Cooper was born probably late in the 1690s or early in the 1700s. It is likely, though by no means certain, that she was the Susannah Sanders, daughter of William Sanders, who was baptized in Saint Peter’s Parish in New Kent County on February 24, 1703. The name of her mother may have been Elizabeth.
Sanders married Isles Cooper, a York County widower, in 1717. Within three years of their marriage, her husband had deserted her and their young son and perhaps a daughter. It was probably this action that spurred his father to disinherit him early in October 1719. Isles Cooper disappeared from York County records in that year. He lived in Norfolk County for a time, eventually settled in Currituck County, North Carolina, and illegally married at least twice more. Susannah Cooper asserted that during the few years of their cohabitation, her husband squandered most of the assets she had brought to the marriage. After his departure, his creditors seized what remained of her estate in order to satisfy the many debts he had contracted. For a time Cooper relied on friends and family for support. During the next twenty years “by her own industry,” as she proudly recorded, she purchased land and several slaves (at least some of whom she had baptized and engaged in business under her own name). She operated a New Kent County ordinary that provided food, lodging, and stableage, purchased forms for making out bills of exchange, and sold goods such as almanacs.

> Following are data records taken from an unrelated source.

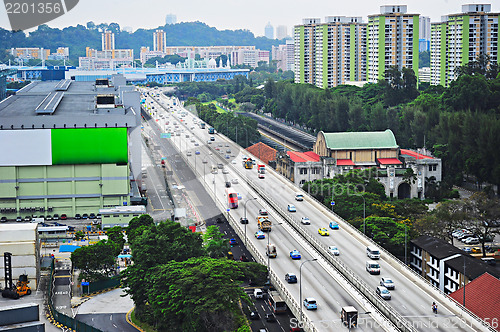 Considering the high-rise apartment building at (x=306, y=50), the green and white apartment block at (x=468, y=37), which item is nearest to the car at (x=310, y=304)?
the green and white apartment block at (x=468, y=37)

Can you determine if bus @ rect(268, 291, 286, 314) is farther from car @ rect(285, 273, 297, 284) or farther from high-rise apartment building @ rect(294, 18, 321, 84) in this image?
high-rise apartment building @ rect(294, 18, 321, 84)

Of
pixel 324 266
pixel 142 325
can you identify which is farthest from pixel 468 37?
pixel 142 325

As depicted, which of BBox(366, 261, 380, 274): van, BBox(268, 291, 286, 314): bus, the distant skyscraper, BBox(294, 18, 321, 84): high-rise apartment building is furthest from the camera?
the distant skyscraper

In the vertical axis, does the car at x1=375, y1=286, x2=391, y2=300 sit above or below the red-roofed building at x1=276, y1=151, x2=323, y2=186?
below

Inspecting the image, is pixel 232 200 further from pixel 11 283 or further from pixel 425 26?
pixel 425 26

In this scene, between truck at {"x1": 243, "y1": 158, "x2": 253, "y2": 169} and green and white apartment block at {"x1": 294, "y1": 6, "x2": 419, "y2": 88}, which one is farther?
green and white apartment block at {"x1": 294, "y1": 6, "x2": 419, "y2": 88}

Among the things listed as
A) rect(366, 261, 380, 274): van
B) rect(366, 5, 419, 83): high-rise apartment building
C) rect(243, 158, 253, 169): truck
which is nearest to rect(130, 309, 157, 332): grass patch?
rect(366, 261, 380, 274): van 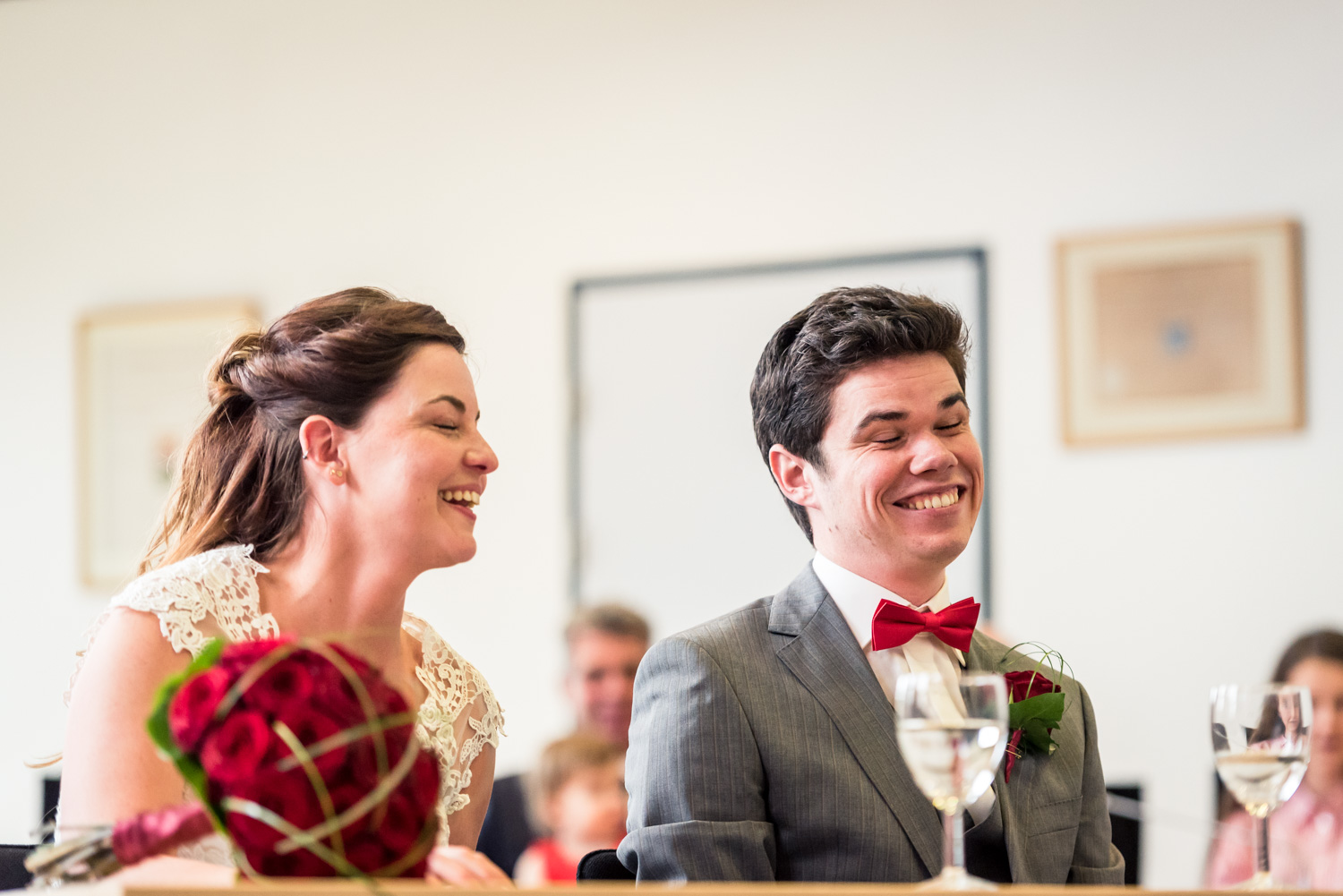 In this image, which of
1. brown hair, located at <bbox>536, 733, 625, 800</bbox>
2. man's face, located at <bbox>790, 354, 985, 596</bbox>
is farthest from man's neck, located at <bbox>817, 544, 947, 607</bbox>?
brown hair, located at <bbox>536, 733, 625, 800</bbox>

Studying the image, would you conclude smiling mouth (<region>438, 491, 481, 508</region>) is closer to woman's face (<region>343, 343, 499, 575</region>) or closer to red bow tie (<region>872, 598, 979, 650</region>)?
woman's face (<region>343, 343, 499, 575</region>)

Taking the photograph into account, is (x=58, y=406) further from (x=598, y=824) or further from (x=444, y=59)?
(x=598, y=824)

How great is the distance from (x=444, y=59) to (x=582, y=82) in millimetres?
437

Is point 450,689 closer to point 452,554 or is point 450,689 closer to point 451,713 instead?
point 451,713

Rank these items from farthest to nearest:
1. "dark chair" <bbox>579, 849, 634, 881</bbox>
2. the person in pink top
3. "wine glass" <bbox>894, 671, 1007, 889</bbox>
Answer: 1. the person in pink top
2. "dark chair" <bbox>579, 849, 634, 881</bbox>
3. "wine glass" <bbox>894, 671, 1007, 889</bbox>

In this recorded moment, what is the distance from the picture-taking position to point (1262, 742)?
1126mm

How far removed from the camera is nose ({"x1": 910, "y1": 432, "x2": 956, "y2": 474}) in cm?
175

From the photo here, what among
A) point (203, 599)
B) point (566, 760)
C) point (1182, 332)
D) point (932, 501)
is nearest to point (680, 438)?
point (566, 760)

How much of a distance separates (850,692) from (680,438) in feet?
6.80

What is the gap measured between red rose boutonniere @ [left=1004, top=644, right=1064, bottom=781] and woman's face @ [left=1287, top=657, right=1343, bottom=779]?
1431 mm

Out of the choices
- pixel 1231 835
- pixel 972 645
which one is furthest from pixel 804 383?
pixel 1231 835

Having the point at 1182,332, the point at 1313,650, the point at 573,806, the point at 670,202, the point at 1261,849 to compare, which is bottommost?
the point at 573,806

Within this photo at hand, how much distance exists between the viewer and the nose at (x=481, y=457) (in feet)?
6.19

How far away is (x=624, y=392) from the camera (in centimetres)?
378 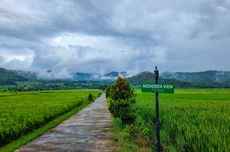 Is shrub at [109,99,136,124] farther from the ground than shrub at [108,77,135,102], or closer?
closer

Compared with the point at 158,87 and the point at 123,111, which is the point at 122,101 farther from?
the point at 158,87

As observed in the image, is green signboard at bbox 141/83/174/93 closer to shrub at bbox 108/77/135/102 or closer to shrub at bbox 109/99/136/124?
shrub at bbox 109/99/136/124

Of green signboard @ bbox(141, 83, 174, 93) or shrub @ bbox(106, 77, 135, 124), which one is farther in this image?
shrub @ bbox(106, 77, 135, 124)

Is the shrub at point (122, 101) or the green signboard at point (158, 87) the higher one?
the green signboard at point (158, 87)

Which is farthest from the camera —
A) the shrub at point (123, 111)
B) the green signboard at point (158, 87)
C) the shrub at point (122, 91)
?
the shrub at point (122, 91)

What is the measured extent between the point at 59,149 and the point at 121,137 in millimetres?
3026

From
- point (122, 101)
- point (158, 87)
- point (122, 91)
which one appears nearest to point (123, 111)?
point (122, 101)

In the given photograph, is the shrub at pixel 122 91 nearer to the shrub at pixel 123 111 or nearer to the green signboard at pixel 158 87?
the shrub at pixel 123 111

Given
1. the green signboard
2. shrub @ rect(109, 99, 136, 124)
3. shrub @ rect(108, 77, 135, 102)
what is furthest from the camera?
shrub @ rect(108, 77, 135, 102)

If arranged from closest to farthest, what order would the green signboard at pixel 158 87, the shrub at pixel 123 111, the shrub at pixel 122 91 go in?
1. the green signboard at pixel 158 87
2. the shrub at pixel 123 111
3. the shrub at pixel 122 91

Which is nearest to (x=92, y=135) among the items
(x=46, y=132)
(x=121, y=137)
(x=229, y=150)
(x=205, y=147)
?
(x=121, y=137)

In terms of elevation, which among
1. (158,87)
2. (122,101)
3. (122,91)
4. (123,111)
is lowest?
(123,111)

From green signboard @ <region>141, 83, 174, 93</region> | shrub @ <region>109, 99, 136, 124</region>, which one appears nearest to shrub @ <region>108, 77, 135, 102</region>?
shrub @ <region>109, 99, 136, 124</region>

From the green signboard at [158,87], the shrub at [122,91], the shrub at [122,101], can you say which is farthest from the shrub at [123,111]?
the green signboard at [158,87] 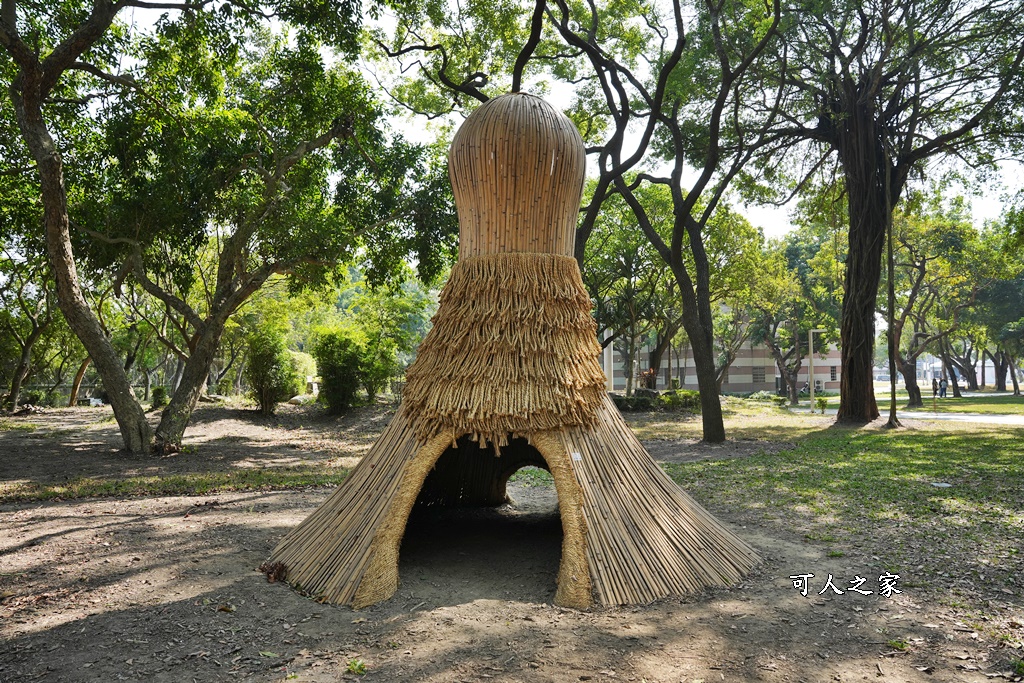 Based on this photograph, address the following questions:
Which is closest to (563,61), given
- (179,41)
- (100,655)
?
(179,41)

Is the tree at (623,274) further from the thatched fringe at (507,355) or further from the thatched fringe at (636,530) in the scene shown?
the thatched fringe at (636,530)

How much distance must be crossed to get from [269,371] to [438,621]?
48.0ft

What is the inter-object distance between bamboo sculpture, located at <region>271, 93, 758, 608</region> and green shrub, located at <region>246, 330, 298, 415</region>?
1312 centimetres

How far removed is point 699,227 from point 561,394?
935cm

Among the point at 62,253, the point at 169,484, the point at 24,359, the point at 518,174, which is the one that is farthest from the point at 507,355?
the point at 24,359

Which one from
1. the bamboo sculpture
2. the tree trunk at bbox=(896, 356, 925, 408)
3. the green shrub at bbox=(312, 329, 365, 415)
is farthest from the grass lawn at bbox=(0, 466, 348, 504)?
the tree trunk at bbox=(896, 356, 925, 408)

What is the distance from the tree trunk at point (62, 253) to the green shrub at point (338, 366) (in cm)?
723

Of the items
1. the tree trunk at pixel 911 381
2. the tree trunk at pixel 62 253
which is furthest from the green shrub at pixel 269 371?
the tree trunk at pixel 911 381

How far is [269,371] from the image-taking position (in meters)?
17.4

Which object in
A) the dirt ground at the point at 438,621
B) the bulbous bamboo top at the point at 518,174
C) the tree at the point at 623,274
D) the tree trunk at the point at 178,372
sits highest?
the tree at the point at 623,274

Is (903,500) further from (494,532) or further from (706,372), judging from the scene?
(706,372)

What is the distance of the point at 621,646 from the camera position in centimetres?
369

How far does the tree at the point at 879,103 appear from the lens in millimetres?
12758

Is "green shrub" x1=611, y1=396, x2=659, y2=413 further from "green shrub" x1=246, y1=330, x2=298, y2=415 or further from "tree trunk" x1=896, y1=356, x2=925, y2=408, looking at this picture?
"tree trunk" x1=896, y1=356, x2=925, y2=408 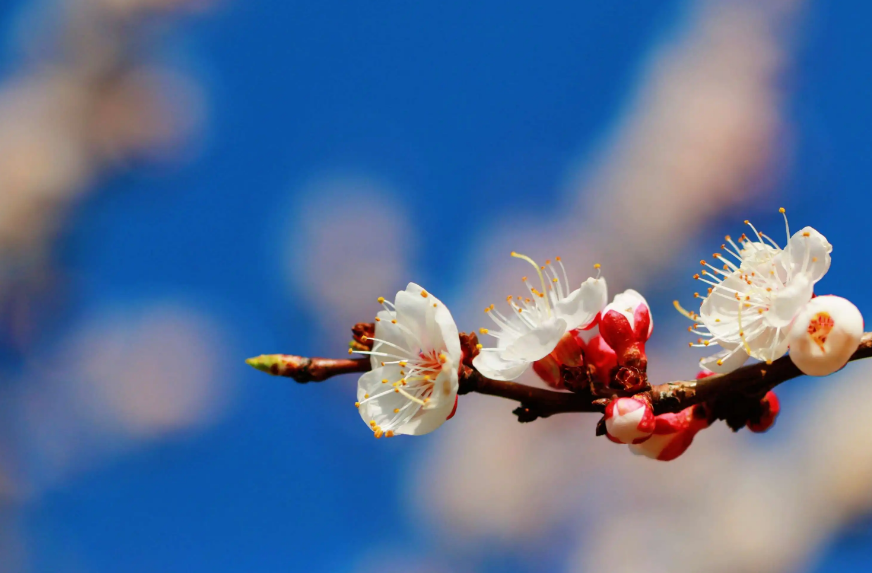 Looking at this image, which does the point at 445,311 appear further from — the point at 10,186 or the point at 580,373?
the point at 10,186

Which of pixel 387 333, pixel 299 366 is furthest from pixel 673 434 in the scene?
pixel 299 366

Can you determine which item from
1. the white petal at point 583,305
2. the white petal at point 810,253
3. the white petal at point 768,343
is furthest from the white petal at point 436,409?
the white petal at point 810,253

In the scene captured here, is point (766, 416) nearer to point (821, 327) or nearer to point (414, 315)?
point (821, 327)

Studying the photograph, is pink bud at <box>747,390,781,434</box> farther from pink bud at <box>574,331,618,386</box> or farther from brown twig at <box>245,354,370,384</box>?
brown twig at <box>245,354,370,384</box>

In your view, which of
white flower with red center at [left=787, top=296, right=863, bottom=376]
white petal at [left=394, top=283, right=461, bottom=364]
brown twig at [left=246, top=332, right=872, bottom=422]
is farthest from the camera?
white petal at [left=394, top=283, right=461, bottom=364]

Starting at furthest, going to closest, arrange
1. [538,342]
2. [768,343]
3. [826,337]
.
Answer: [538,342]
[768,343]
[826,337]

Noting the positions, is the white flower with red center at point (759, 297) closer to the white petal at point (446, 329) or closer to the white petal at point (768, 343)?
the white petal at point (768, 343)

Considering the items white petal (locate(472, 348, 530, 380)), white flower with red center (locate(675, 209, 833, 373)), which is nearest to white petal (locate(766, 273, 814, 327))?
white flower with red center (locate(675, 209, 833, 373)) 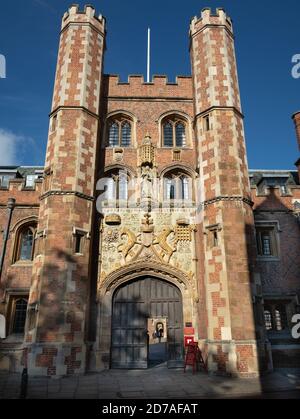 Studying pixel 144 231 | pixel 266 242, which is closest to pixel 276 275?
pixel 266 242

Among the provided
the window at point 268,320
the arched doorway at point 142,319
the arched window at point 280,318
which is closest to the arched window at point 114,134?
the arched doorway at point 142,319

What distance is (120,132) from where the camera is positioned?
53.7 ft

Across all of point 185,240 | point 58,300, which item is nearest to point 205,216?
point 185,240

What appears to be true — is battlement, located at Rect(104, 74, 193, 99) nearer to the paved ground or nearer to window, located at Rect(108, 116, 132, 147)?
window, located at Rect(108, 116, 132, 147)

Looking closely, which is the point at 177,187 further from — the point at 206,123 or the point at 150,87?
the point at 150,87

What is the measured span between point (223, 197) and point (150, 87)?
7863 millimetres

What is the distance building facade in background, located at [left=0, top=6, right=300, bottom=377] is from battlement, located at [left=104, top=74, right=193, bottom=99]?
74 mm

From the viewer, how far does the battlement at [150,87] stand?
17.0m

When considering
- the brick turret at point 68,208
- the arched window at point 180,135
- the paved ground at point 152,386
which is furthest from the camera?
the arched window at point 180,135

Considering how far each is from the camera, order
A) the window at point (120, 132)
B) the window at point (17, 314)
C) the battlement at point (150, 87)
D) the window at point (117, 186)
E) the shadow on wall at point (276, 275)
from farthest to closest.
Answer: the battlement at point (150, 87)
the window at point (120, 132)
the window at point (117, 186)
the window at point (17, 314)
the shadow on wall at point (276, 275)

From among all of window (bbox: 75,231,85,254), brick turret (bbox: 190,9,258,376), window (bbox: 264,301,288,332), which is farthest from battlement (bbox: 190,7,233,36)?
window (bbox: 264,301,288,332)

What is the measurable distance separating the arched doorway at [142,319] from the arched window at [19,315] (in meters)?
3.87

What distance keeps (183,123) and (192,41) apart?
4.48 m

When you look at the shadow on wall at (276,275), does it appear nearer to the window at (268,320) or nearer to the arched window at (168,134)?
the window at (268,320) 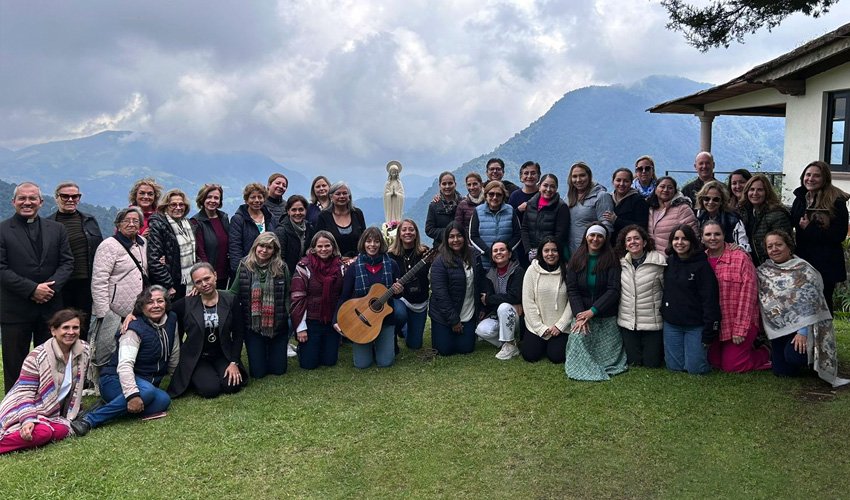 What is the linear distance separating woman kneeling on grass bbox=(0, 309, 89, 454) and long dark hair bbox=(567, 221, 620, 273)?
4.67m

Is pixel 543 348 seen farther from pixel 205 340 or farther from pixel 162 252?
pixel 162 252

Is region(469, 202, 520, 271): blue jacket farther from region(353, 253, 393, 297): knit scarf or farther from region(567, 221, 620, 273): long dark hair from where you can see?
region(353, 253, 393, 297): knit scarf

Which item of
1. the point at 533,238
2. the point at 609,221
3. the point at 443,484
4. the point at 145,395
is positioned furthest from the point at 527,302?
the point at 145,395

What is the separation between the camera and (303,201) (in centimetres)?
753

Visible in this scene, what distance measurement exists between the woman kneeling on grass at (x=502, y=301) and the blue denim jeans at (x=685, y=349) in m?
1.64

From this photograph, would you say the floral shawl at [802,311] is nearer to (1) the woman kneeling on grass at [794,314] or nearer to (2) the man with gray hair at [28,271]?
(1) the woman kneeling on grass at [794,314]

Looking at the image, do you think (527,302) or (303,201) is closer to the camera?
(527,302)

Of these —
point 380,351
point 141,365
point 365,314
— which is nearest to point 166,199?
point 141,365

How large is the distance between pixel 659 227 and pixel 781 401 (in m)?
2.06

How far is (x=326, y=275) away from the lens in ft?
22.8

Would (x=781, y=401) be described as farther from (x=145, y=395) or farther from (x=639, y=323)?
(x=145, y=395)

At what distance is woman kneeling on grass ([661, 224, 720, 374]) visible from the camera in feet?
19.6

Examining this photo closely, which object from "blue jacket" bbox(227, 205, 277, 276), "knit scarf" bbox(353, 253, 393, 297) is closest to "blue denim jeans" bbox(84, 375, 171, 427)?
"blue jacket" bbox(227, 205, 277, 276)

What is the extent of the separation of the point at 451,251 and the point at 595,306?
172 centimetres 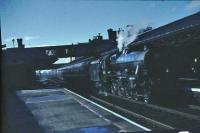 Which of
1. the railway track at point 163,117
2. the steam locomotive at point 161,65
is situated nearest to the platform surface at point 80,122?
the railway track at point 163,117

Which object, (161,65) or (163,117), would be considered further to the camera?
(161,65)

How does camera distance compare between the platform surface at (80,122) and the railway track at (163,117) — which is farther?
the railway track at (163,117)

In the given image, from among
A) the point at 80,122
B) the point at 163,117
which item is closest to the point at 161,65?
the point at 163,117

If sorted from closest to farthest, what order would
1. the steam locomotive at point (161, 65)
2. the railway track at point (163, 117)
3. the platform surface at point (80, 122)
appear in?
the platform surface at point (80, 122) → the railway track at point (163, 117) → the steam locomotive at point (161, 65)

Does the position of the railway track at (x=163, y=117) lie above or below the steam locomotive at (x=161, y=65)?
below

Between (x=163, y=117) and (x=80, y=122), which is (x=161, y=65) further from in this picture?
(x=80, y=122)

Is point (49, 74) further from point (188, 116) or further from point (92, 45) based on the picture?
point (188, 116)

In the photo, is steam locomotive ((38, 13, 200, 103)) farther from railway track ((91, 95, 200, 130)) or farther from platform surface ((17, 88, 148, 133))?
platform surface ((17, 88, 148, 133))

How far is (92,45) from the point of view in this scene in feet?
113

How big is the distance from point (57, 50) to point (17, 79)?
179 inches

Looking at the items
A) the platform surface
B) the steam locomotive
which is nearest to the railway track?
the platform surface

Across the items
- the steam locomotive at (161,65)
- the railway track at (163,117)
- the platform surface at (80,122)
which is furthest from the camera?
the steam locomotive at (161,65)

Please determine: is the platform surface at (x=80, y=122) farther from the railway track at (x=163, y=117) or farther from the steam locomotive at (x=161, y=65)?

Although Cooper’s predicament could have remained her own private misfortune, the issue of her control over her property became a test case determining a married woman’s rights. More than twenty years after her abandonment, Cooper petitioned the House of Burgesses to protect her hard-earned estate from her husband and his creditors and to secure her rights to sue and be sued, to make contracts as if she had never married, and to bequeath her property to her son. She carefully documented the details of her marriage and abandonment. The burgesses and governor’s Council passed authorization for Cooper to dispose of her property as a feme sole, or unmarried woman, in September 1744. In transmitting the private bill to London for the Crown’s review, Lieutenant Governorurged speedy approval because “should her Husband return before this Bill is confirmed by His Majesty, all that she has, with great Industry and Honesty gott, since he left her, will be forced from her.” The Privy Council dawdled for almost a decade and finally, on the advice of the king‘s legal counsel in February 1754, either rejected the bill outright or allowed it to die on the grounds that an act of assembly could not without a husband’s consent remove the rights he held in the personal estate of his wife.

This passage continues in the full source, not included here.